I updated the whoami.filippo.io dataset over the holidays, so it should be pretty accurate at least for a little while. If you already know what I’m talking about, below are some tidbits about how I fetched the new dataset and how it’s stored.

If you don’t, stop reading, and run this. I’ll wait.

$ ssh whoami.filippo.io

Here’s a picture of my grandmother's cat, to avoid spoilers.

A ginger cat lounging on a chair

What?!

There are two things going on here that might be unexpected.

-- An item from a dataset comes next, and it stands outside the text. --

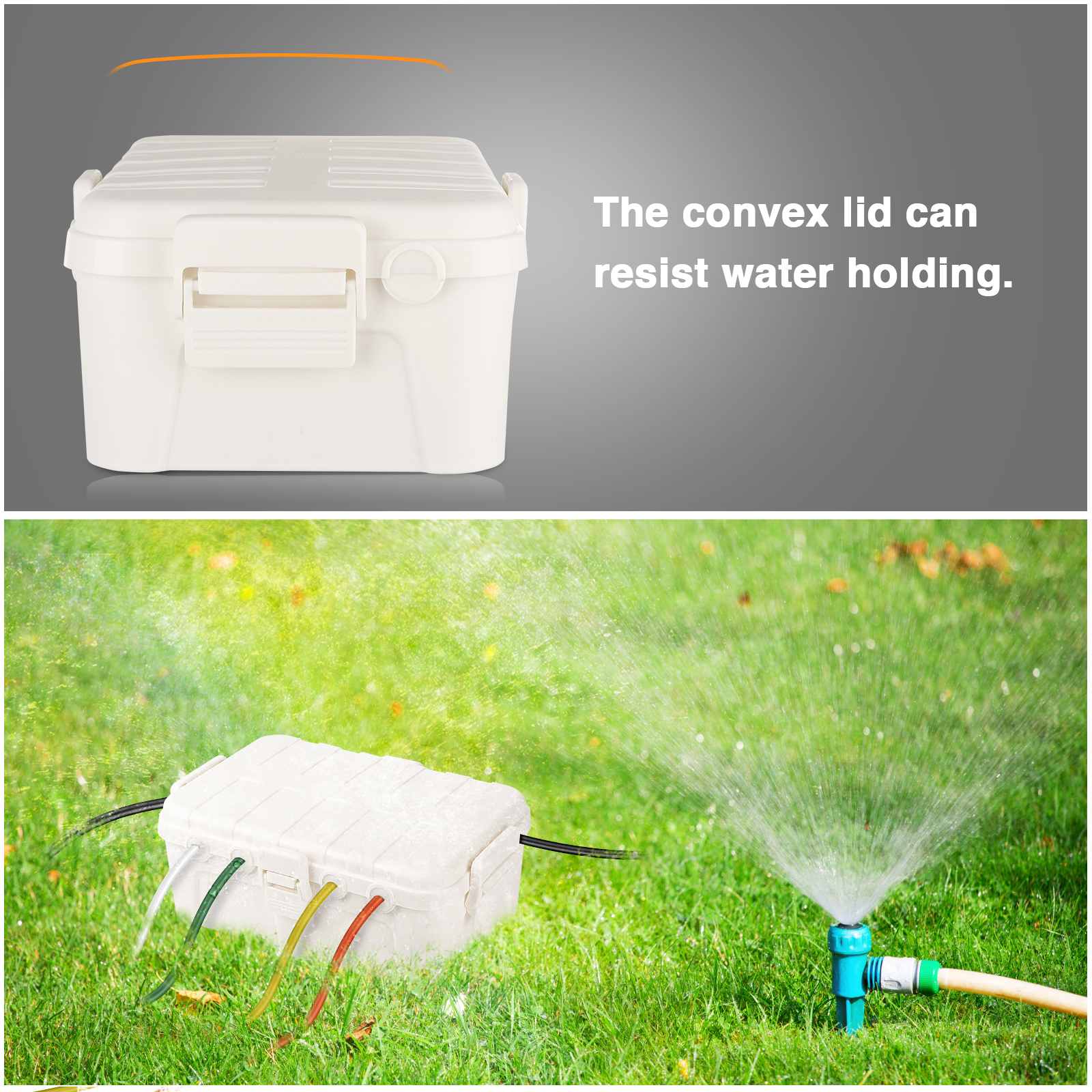 Outdoor Power Supply Waterproo – Outdoor Lighting Box recenzja i cena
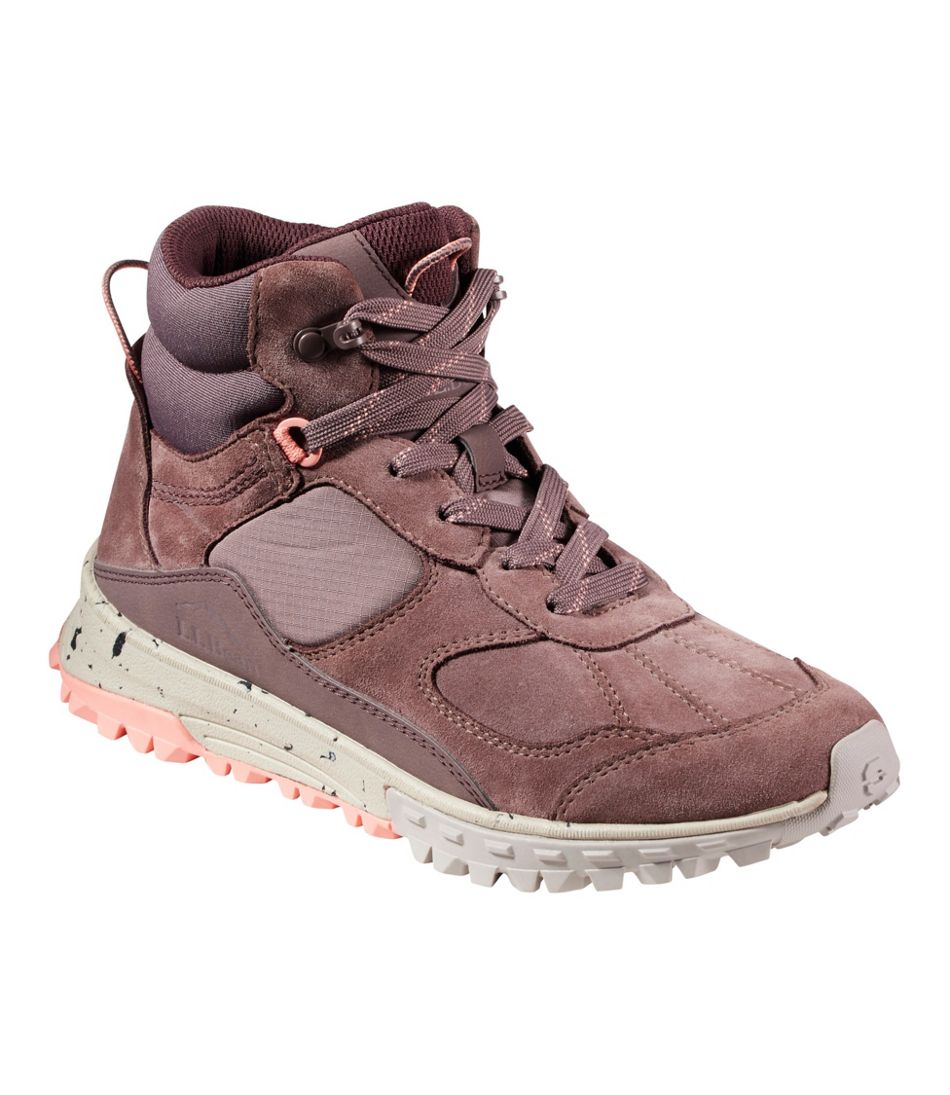 L.L.Bean Women's Everywhere Explorer Boots FOOTWEAR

The first is that the SSH protocol provides to the server all public keys the client is willing to produce signatures for, which by default are all the public keys in your ssh-agent and in your ~/.ssh/id_*. This is somewhat unavoidable. You could technically make an authentication protocol that doesn’t disclose public keys to a peer that didn’t already know them, but it would be annoying: for example, you couldn’t use ECDSA or RSA without first having the server prove knowledge of the public keys, because it’s usually possible to recover the public key from those signatures. Having the server prove knowledge of the public keys before the client uses them is also kinda annoying, because you also don’t want the client to learn about the public keys accepted by the server. You end up with a complex interactive protocol that wastes round-trips.[1]

(This is also why we can do git clone git@github.com instead of git clone FiloSottile@github.com. GitHub relies on the client sharing its public keys to know who is trying to authenticate. Which is also why you can’t use the same SSH key for two accounts.)

How it technically works is that the client sends public keys to the server until the server answers that it likes one of them, and then the client sends a signature from that key.[2] The client is allowed to skip the first part and start sending signatures right away, but it doesn’t because producing a signature might require user interaction (for example to decrypt the private key or to enter the PIN of a hardware token) and it’s bad UX to require that for a key the server will reject. This is also why age ciphertexts encrypted to SSH keys carry a hash of the public key: to let the client know if it should bother the user to decrypt an encrypted private key.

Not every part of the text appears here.